Sie haben das Recht zu schweigen. Henryk M. Broders Sparring-Arena

Henryk M. Broder

11.04.2004   13:03   +Feedback

Lernen mit Iris

Das Letzte

Wenn man wissen will, wo die berühmte deutsch-jüdische Symbiose (Heine, Varnhagen, Seligmann) inzwischen angekommen ist, muss man nur die »Gala« vom 7. April lesen. Auf dem Titel wird eine Geschichte über Iris Berben versprochen: »Ihr mutiger Einsatz für den Frieden«, auf Seite 84 wird die »rasende Reporterin« interviewt, die für das ZDF in Israel unterwegs war.

»Mutiger Einsatz für den Frieden«: Iris Berben

Schon der Teaser zeigt den Wandel der Zeiten an. Kamen früher Leute, die sich »mutig« für den Frieden einsetzten, ins Gefängnis oder wurden in die Verbannung geschickt, bekommt Iris Berben heute für ihren mutigen Einsatz zuerst den »Bambi für Zivilcourage« und dann eine Geschichte in der »Gala«. Und kein Mensch sagt einem, worin der »Mut« und wo das Risiko beim Einsatz liegt. In der Wahl des Make-ups? Beim Verzicht auf den ADAC-Schutzbrief? Im Umgang mit der VISA-Karte?

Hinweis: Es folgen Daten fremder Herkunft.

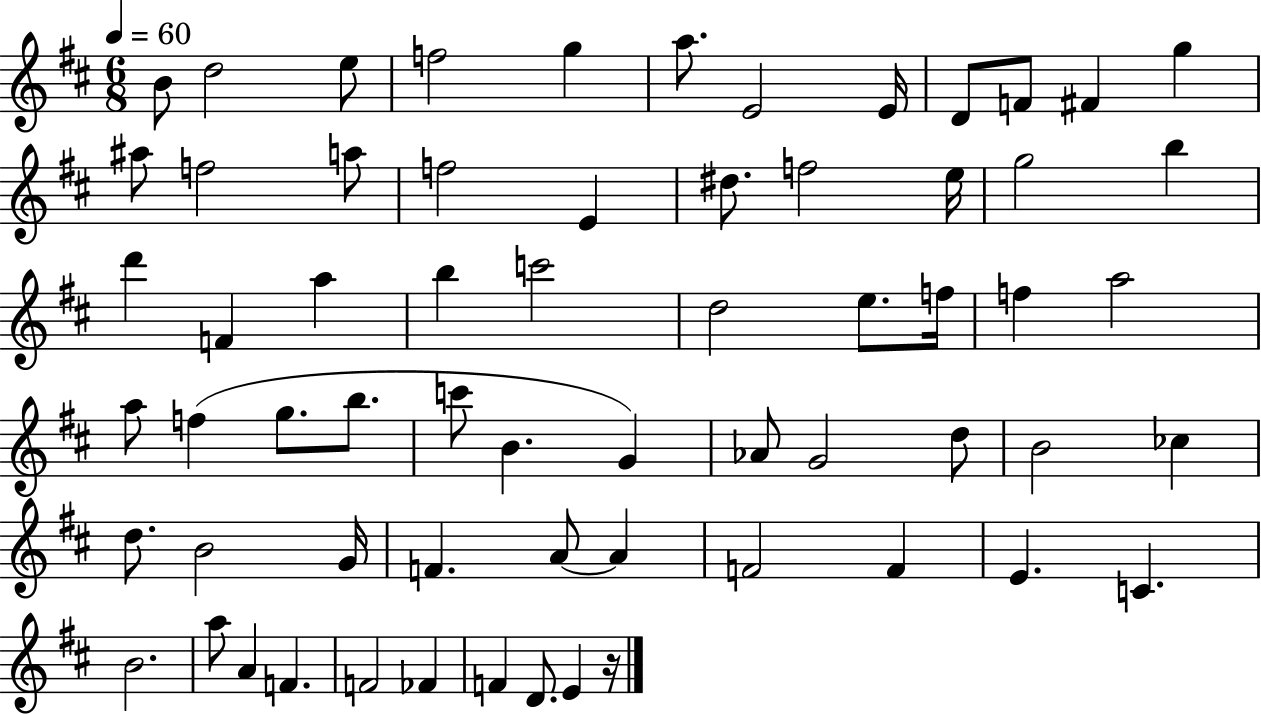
X:1
T:Untitled
M:6/8
L:1/4
K:D
B/2 d2 e/2 f2 g a/2 E2 E/4 D/2 F/2 ^F g ^a/2 f2 a/2 f2 E ^d/2 f2 e/4 g2 b d' F a b c'2 d2 e/2 f/4 f a2 a/2 f g/2 b/2 c'/2 B G _A/2 G2 d/2 B2 _c d/2 B2 G/4 F A/2 A F2 F E C B2 a/2 A F F2 _F F D/2 E z/4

Mutig ist vor allem die Gala-Redaktion, die Iris Berben vor dem Felsendom zeigt und dazu schreibt, dies wäre »eine Gebetsstätte von Christen und Moslems«. Das wird die Christen ebenso wie die Moslems überraschen, die bis jetzt nicht gemerkt haben, dass sie sich den Raum mit den Jüngern Jesu teilen müssen. Nun gut, wenn man Iris Berben bis nach Jerusalem begleiten will, muss die Redaktion woanders sparen, zum Beispiel an einem Fact-Checker, der die Bild-Unterzeilen überprüft.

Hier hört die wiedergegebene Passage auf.